How could this happen? Engineers at the time speculated that Iran had tricked the Sentinel into switching into autopilot mode, jamming its communications to blind the drone, then feeding it false GPS data to convince it to land at an Iranian airbase. But today, the Pentagon is more interested in how to make sure that such a fiasco does not happen again.

Enter DARPA's mad scientists
According to the scientists at DARPA, the Defense Advanced Research Projects Agency, hi-tech weapons have become so pervasive on the modern battlefield that it's all but impossible to keep track of the stuff. It's not just drones they're worried about. Whether you're talking robots, rocket launchers, or radios -- if it's got electronics in it, eventually something hi-tech that we don't want to lose track of, will fall into the possession of someone... whom we'd rather never got hold of it.

The solution? Blow the stuff up. Or even better, make it melt away into nothingness all on its own -- leaving enemies, who thought they'd captured hi-tech American equipment, holding a hunk of useless, melted-down metal and carbon composite instead. This is the goal of DARPA's new VAnishing Programmable Resources (VAPR) program, which aims to develop a new form of "sophisticated electronics" that, "when triggered ... degrade partially or completely into their surroundings."

A battery, VAPR-ized! Source: DARPA

Abracadabra -- Poof! It's gone!
Last month, DARPA took a step toward making this magic trick happen when it announced the award of a $4.7 million contract to defense contractor SRI International. Under this contract, SRI will attempt to design and build "transient electronics." Specifically, a silicon-air battery capable of powering electronics just like commercial off-the-shelf products, but also capable of self-destructing in response to an electronic signal or other predetermined "trigger." SRI joins Honeywell , which is already working on a similar project under a $2.5 million contract, in trying to take the concept to reality.

As the small size of these contracts suggests, we're only in the very earliest phases of R&D on "transient electronics" today.
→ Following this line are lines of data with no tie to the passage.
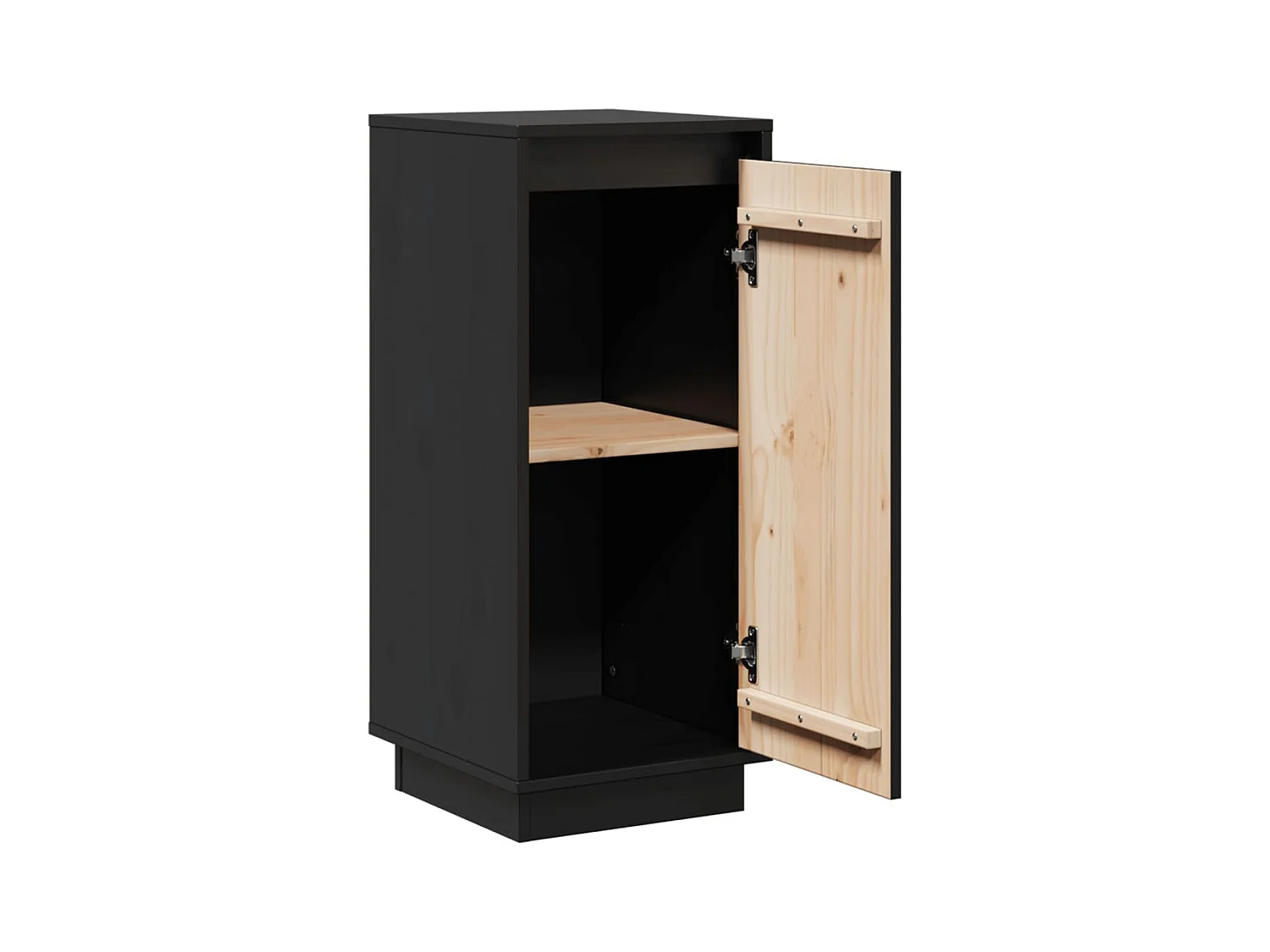 bahut commode armoire bois marron 31.5 x 34 x 75 cm 02_0036894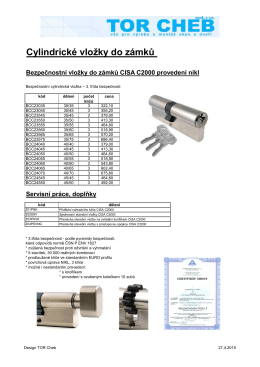 stavebn&iacute; vložky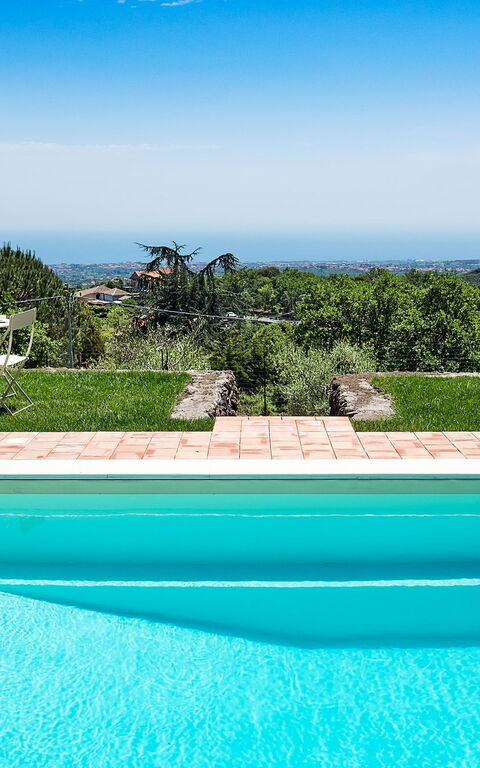 Villa La Capinera: basseng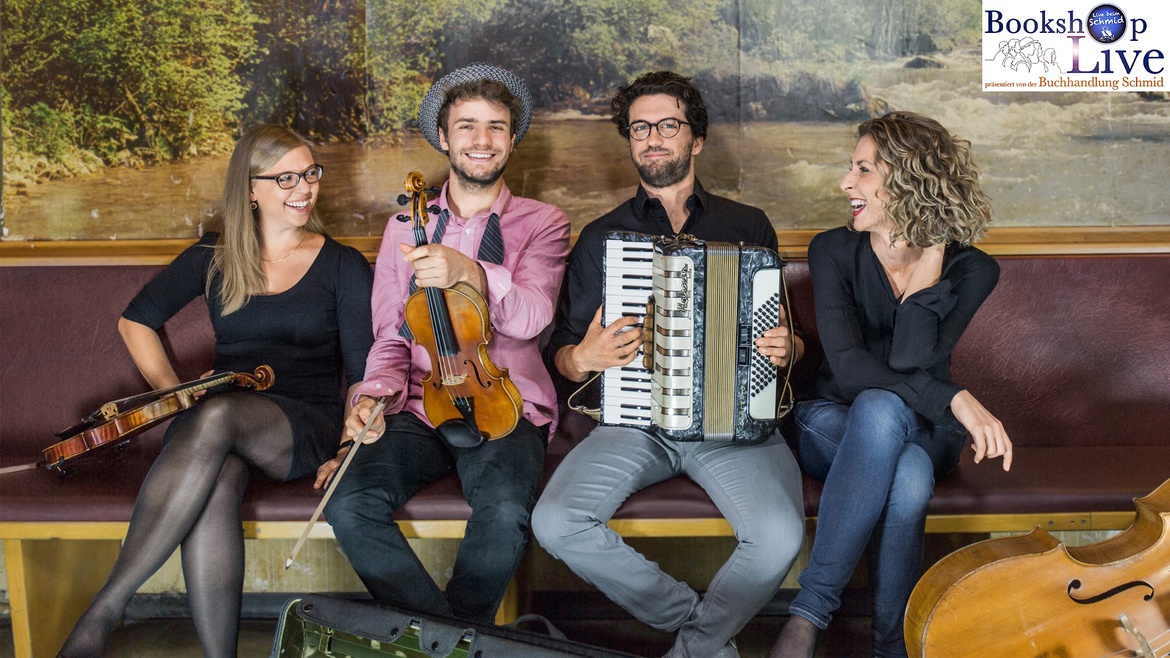 BOOKSHOP LIVE: nouWell cousines - NACHHOLTERMIN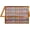 Walnut, variant on Playing Card Deck Display Case - Holds 50 Decks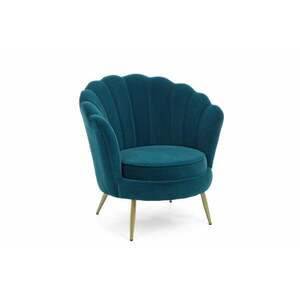 GILIOLA pávakék kagyló fotel kép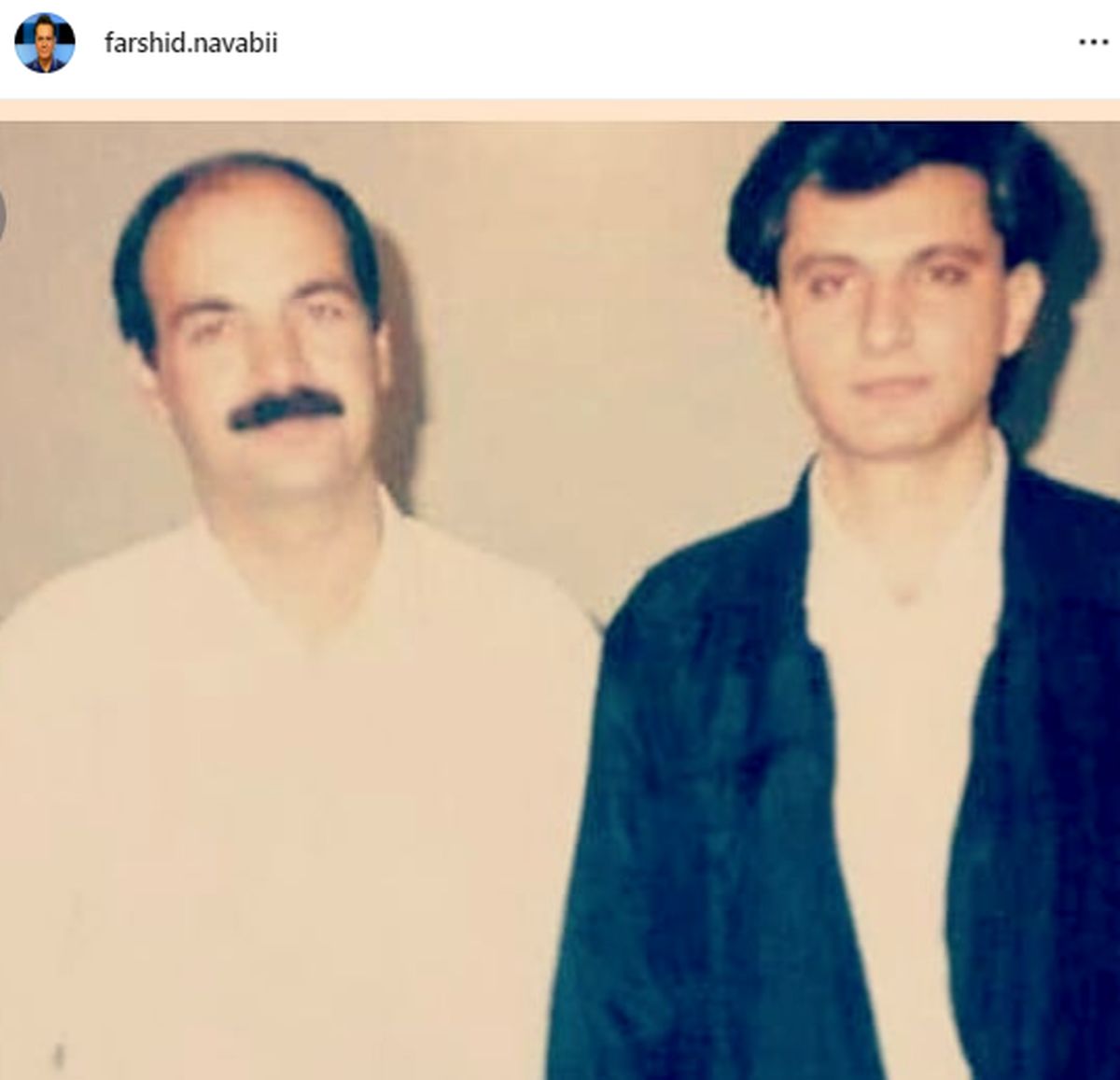 جوانی های همسر سابق خانم بازیگر در کنار آقای مجری کلاه قرمزی + عکس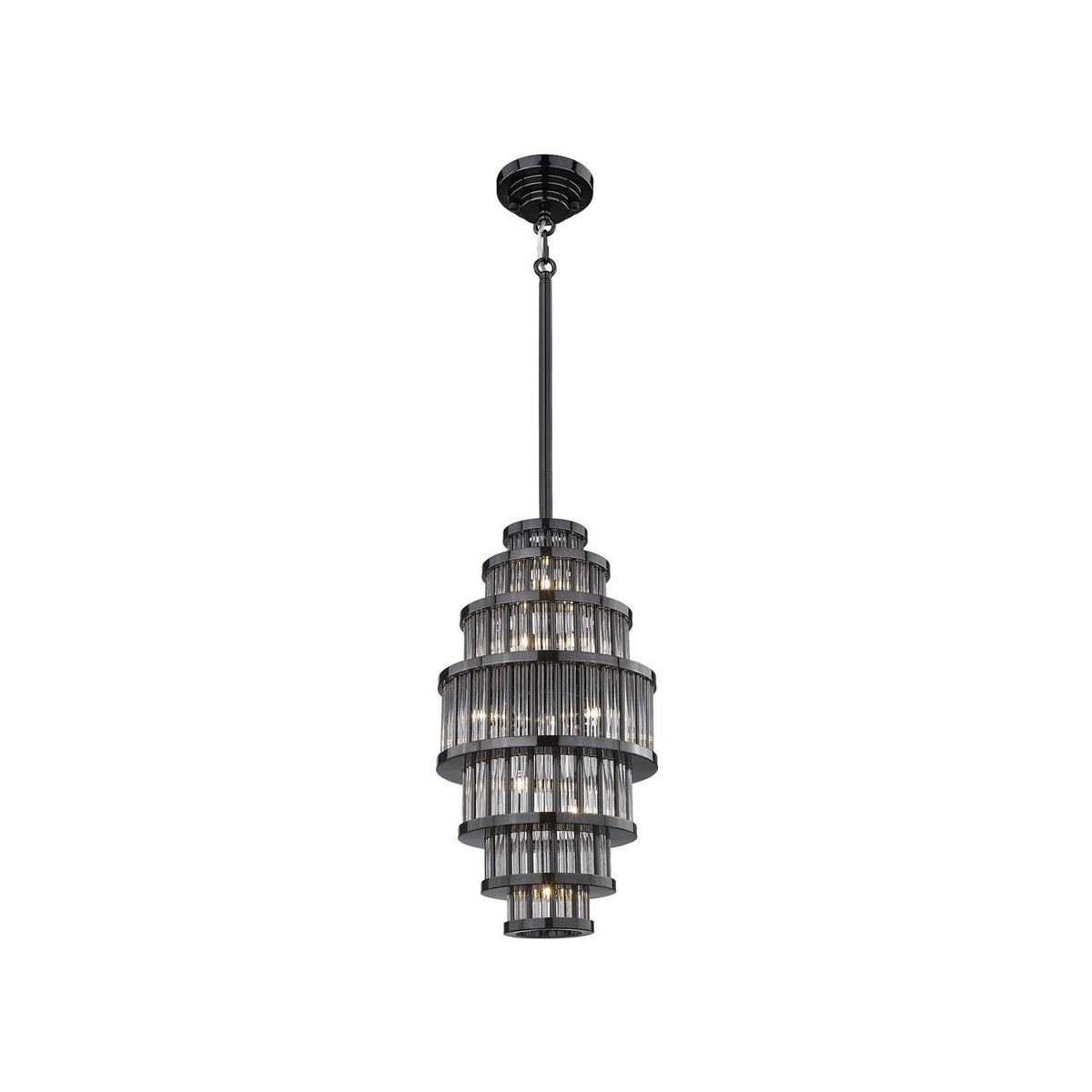 Avenue Lighting - HF1924-GM - LED Pendant - Waldorf - Polished Gunmetal
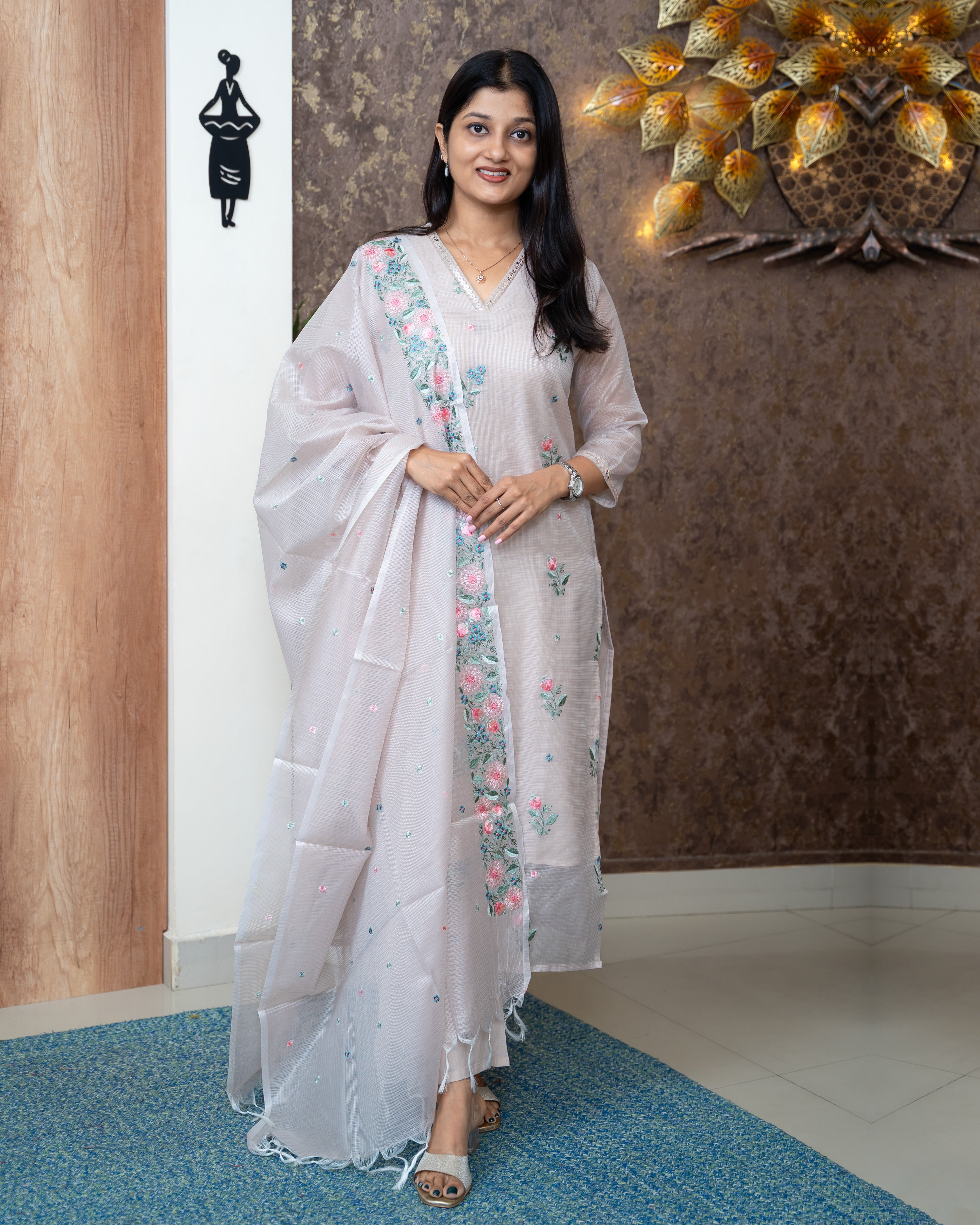 Load image into Gallery viewer, Silky Kota Suit-7088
But if these companies are successful, their product could make the world a much safer place to live in.

Remember the 15,699 anti-tank missiles that America is getting ready to ship to Saudi Arabia? With a working "transient electronics" program, each and every one of them might be programmed to lock itself up if pointed at an Israeli tank. Or imagine if Lockheed Martin sold F-35 fighter jets to a foreign power that turned unfriendly. Wouldn't it be nice to be able to "turn off" those airplanes with the touch of a button?

Surface-to-air missiles programmed to melt themselves into junk if terrorists point them at a commercial airliner? Encrypted communications gear that could be disabled if captured? There are any number of uses for this technology, if it can be perfected -- potentially saving lives, and probably safeguarding billions of dollars worth of research and development work by the defense contractors that produce the weapons in the first place.

As good uses for an initial investment of $7.2 million go (the total value of the SRI and Honeywell contracts), I can think of few better.